Writing this post after quite a long time on verifying the quality of data in a column using Data profiling techniques. Let’s take a simple example of a table called Country which has Code and Description.

CODE    DESCRIPTION
IND    India

US    United States of America

UK    United Kingdom

IND    INDIA

GER    Germany

AUS    <<null>>

AF    Afganistan

DZ    Algeria

Alb    Albania

Arg    Argentina

 

Possible problems in data:

What could be the possible problems in this with respect to data:

  1. The application might have been designed in such a way that Code must be 3 characters in length where in during data migration there could be some code which might of 2 characters in length
  2. Code might have been destined to be All caps which might have been compromised
  3. There should not be any null values in the Description

 

Now let us see how we can identify these problems in the table Country with the example.

 

Step 1: Connect to the oracle database using the DQ Repository

 

Step 2: Now we will add simple Column analysis on the column Code for the table Country

 

Step 3: Select the Indicators for each column to analyze, that is essential for analysis.
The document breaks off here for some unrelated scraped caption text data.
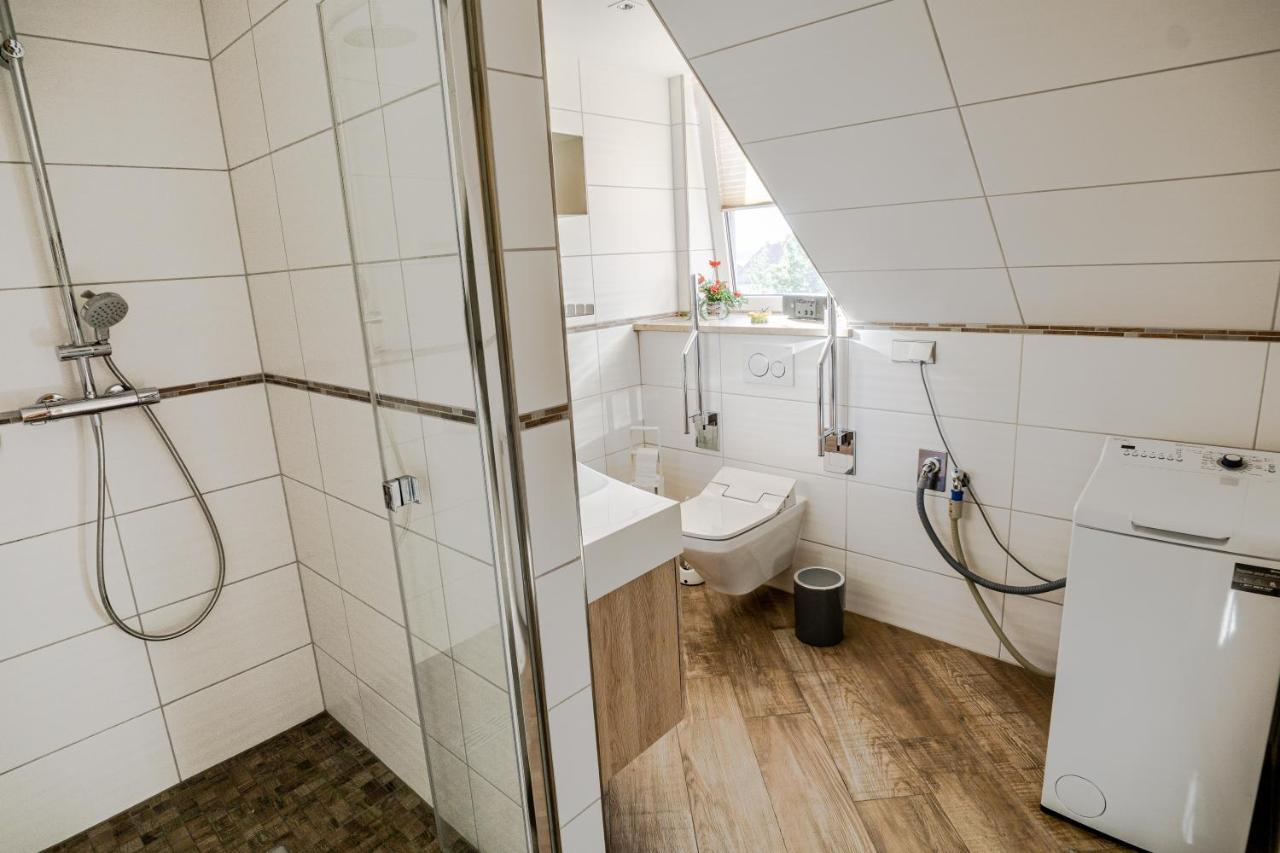 Schone Ferienwohnung In Der Sachsischen Schweiz Stolpen Exteriör bild
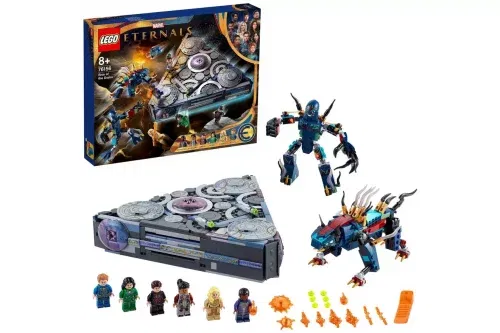 LEGO Marvel Rise of the Domo Space Building Toy 76156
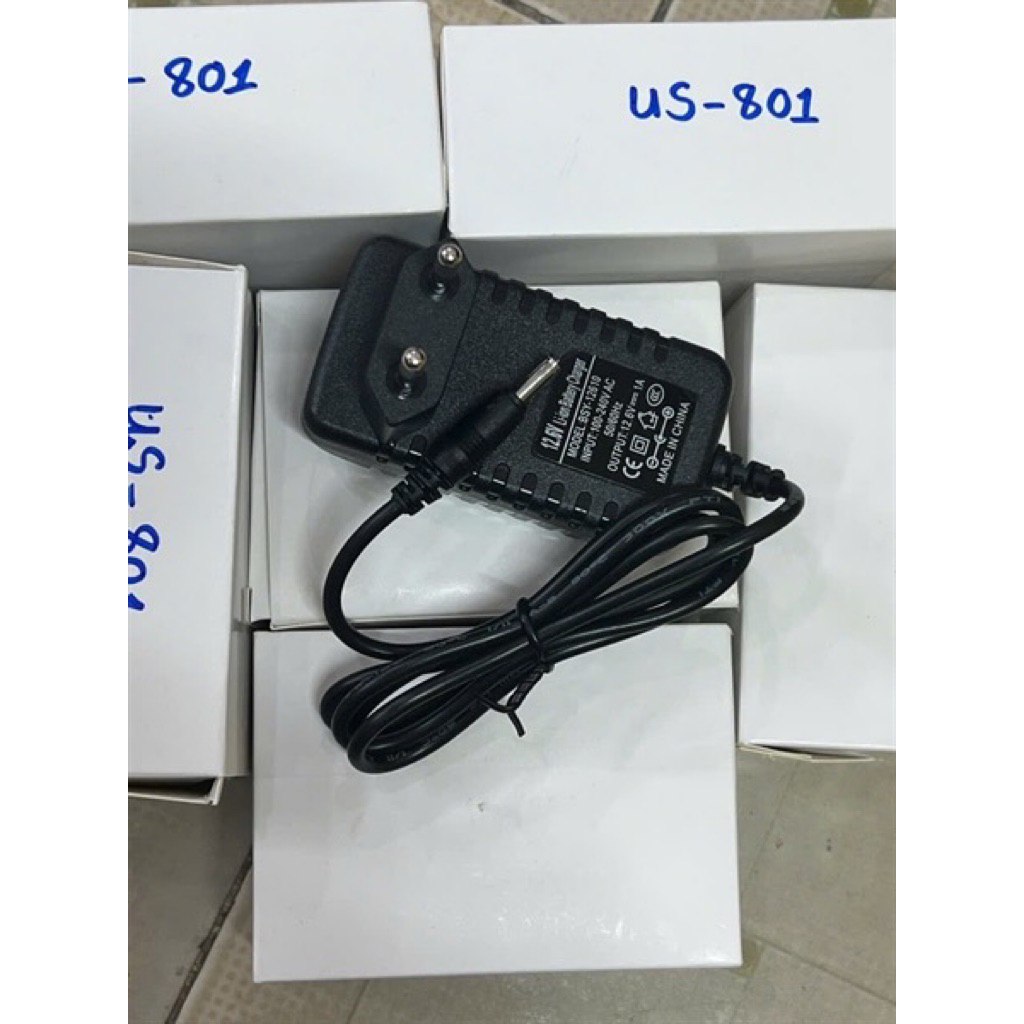 Cục sạc máy mài US-801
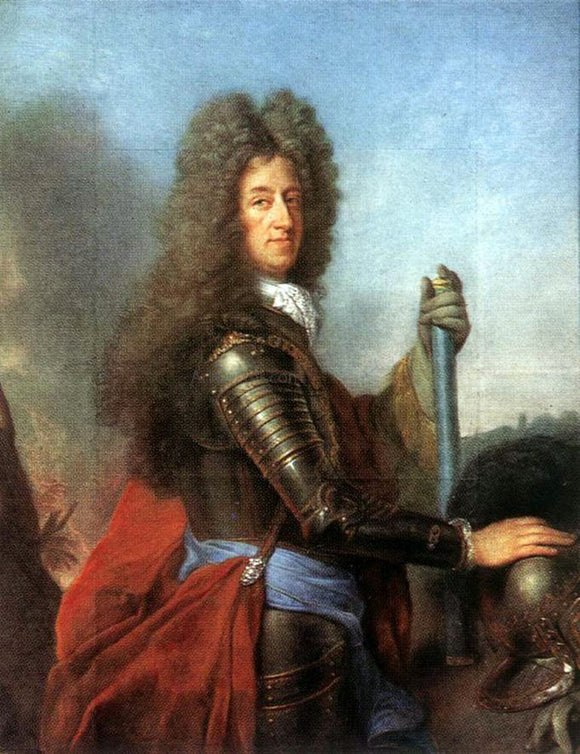  Joseph Vivien Maximilian Emanuel, Prince Elector of Bavaria - Art Print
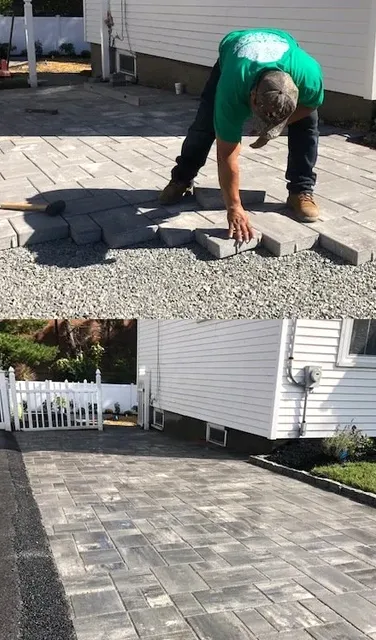 Permeable Driveway Installation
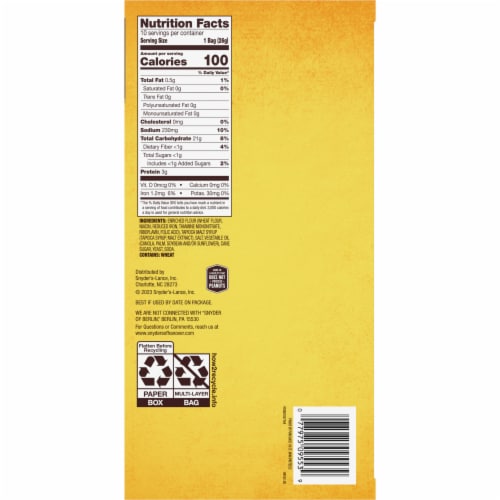 Snyder's of Hanover Mini Pretzels Perspective: right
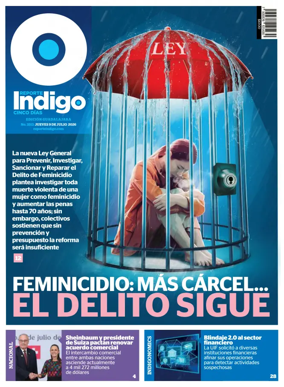 Cover of Reporte Indigo Guadalajara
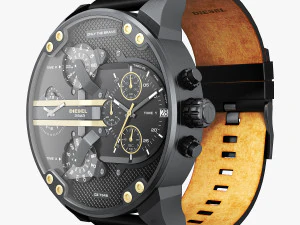 diesel mr daddy dz 7348 3D Model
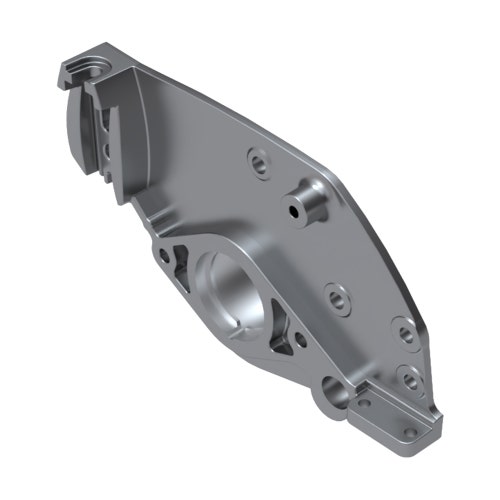 Side plate assy-lh incl r117-6619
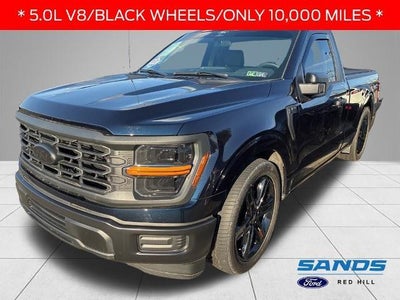 2024 Ford F-150 4X2 XL 2DR Regular Cab 6.5 FT. SB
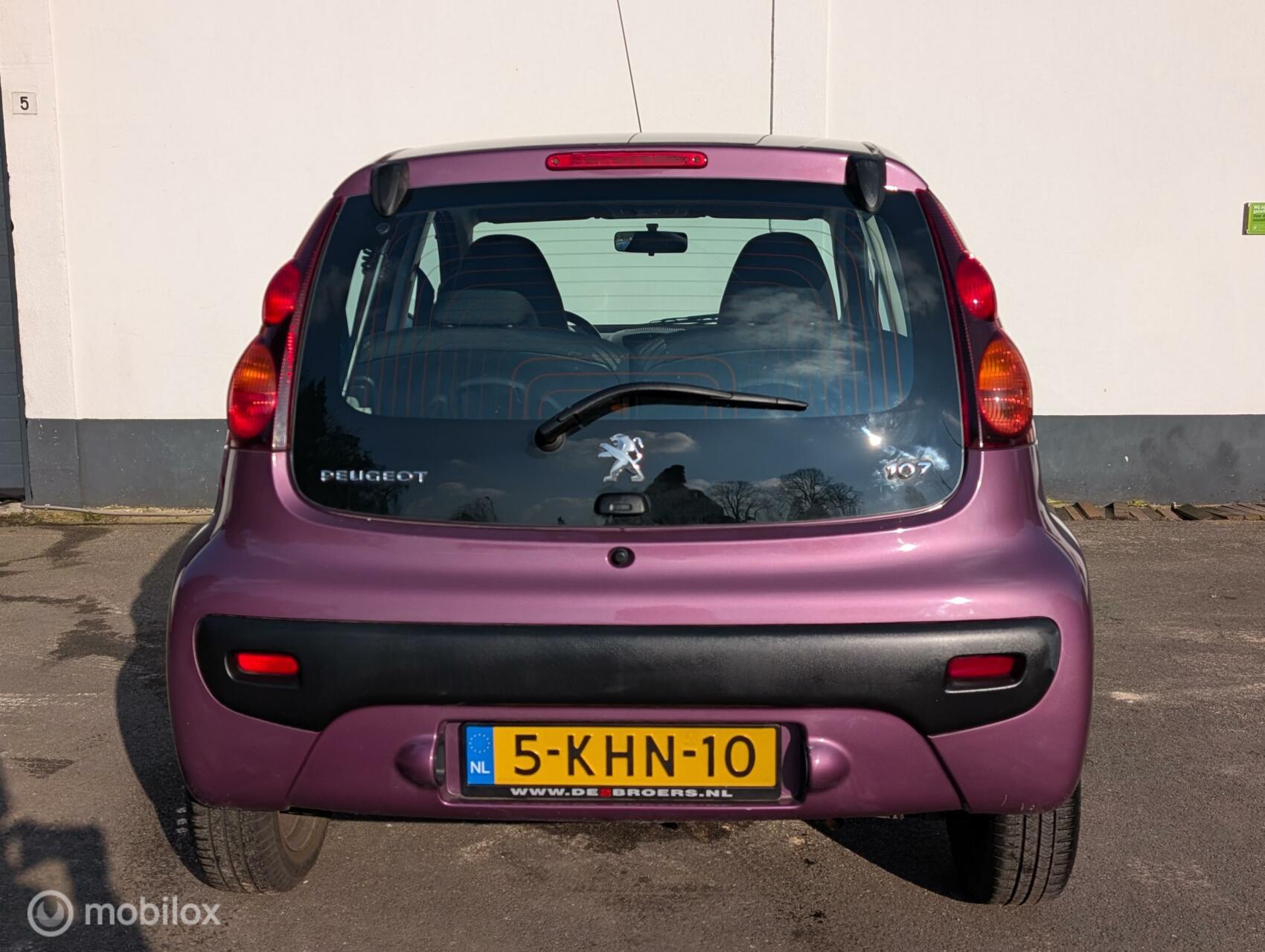 Foto van Peugeot 107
Without indicators we will not be analyze the issues. For this example I have chosen some of the parameters for analysis as given below.

 

Step 4: Run the Analysis

When you run the analysis you can get to the graphical chart as depicted in the snapshot provided below:

 

In the above picture we can realize the row count is 10 and it has one duplicate values and there are 9 distinct values.

 


 

In this picture you can also find the length related metrics and Text statistics which even takes care of the case related issues.

 

This way we can easily identify issues in a specific column. Hope this post gives a simple example which might be useful in different context for ensuring data quality.